Data Cleaning Using the NASA Exoplanet Archive Dataset
Data Cleaning Using the NASA Exoplanet Archive Dataset Data Science Project
Data Cleaning with Pandas

Data Cleaning Using the NASA Exoplanet Archive Dataset

Dive into NASA's exoplanet data and uncover alien worlds! Fix star temperatures, fill in missing planet masses, and classify orbits from fast to slow. Use Pandas to wrangle real astronomical data. It includes scorching hot Jupiters and potentially habitable super-Earths. Transform raw numbers into insights about planetary systems across the galaxy.

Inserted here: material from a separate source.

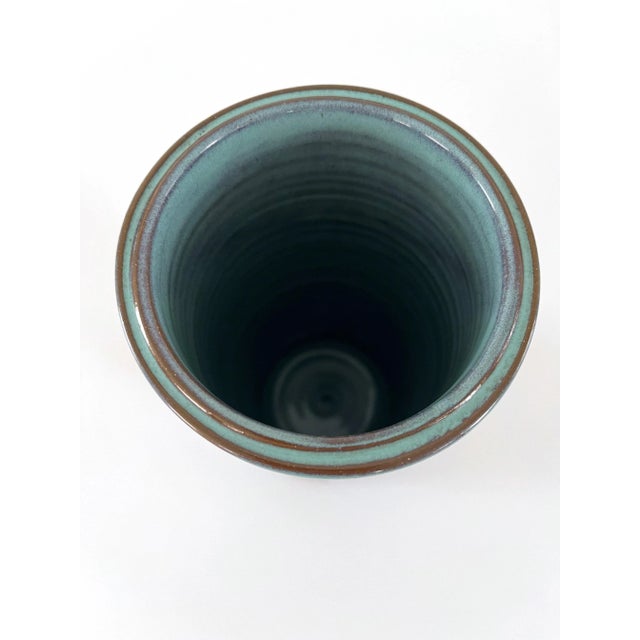Blue Jeff Enge Ceramic Studio Pottery Vase For Sale - Image 8 of 10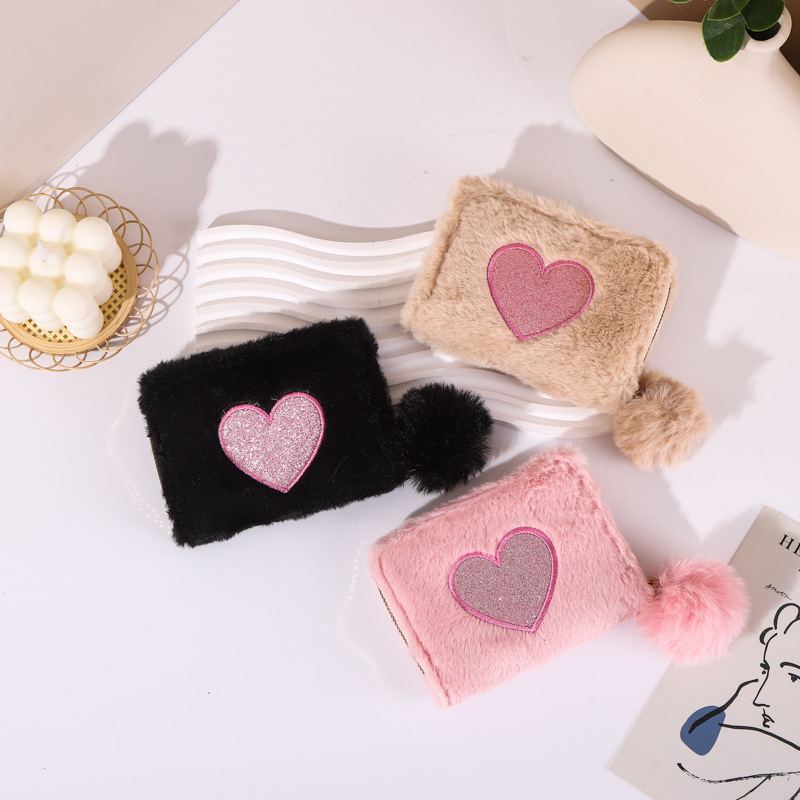 Girls Cute Plush Heart Print Wallet Children's Zipper Coin Purse with Card Holder Clutch Bag Mini Purse Coin Pouch Card Wallet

Perfect your data cleaning and feature engineering skills while exploring the cosmos!
Start this project
Data Cleaning Using the NASA Exoplanet Archive DatasetData Cleaning Using the NASA Exoplanet Archive Dataset
Project Created by

Dhrubaraj Roy

Project Activities

All our Data Science projects include bite-sized activities to test your knowledge and practice in an environment with constant feedback.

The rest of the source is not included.